If you have other nutritional issues with a vegetarian diet, then we disagree on something more fundamental, and we should hash that out first. Otherwise, I’ll say “a diet consisting mostly of whole fruits, vegetables, and grains is the healthiest diet possible” and move on.
Okay, the environment. Blatz blatz blatz further reading. Going vegetarian will solve the food crisis (ps. the world is in one now, we just haven’t noticed because Giant Eagle still has plenty of food), the environment, and maybe our oil dependencies all in one. If everyone went vegetarian, that would help the environment more than everyone quitting driving.
Why 90%? Because I want to get across the point that you don’t have to go fully vegetarian (and you don’t have to be a hippie, if that’s not your thing) in order to help! I think (although I don’t know) that eating two meals of meat per week is sustainable, while eating seven or fourteen is not. And this way I can still eat some meats that I really enjoy, like fish sushi.

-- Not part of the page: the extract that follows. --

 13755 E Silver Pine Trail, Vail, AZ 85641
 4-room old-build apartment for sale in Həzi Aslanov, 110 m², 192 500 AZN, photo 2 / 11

Why set a lower limit? I guess I’ve been a “flexitarian” for years. But this way I can actually document that I’m doing something measurably good. It will convince me to eat a little less than I used to. And it gives me something to talk about.
Finally, I’d like to say this: you can do it too. Two years ago, I thought it’d be nuts to be vegetarian for a month, until I tried it and found it pretty easy. It’s a pretty low-sacrifice way to help the world a lot. If you’d like to join me in 90% (or 100%, or 80%, or whatever you like) vegetarianism, I’d be thrilled.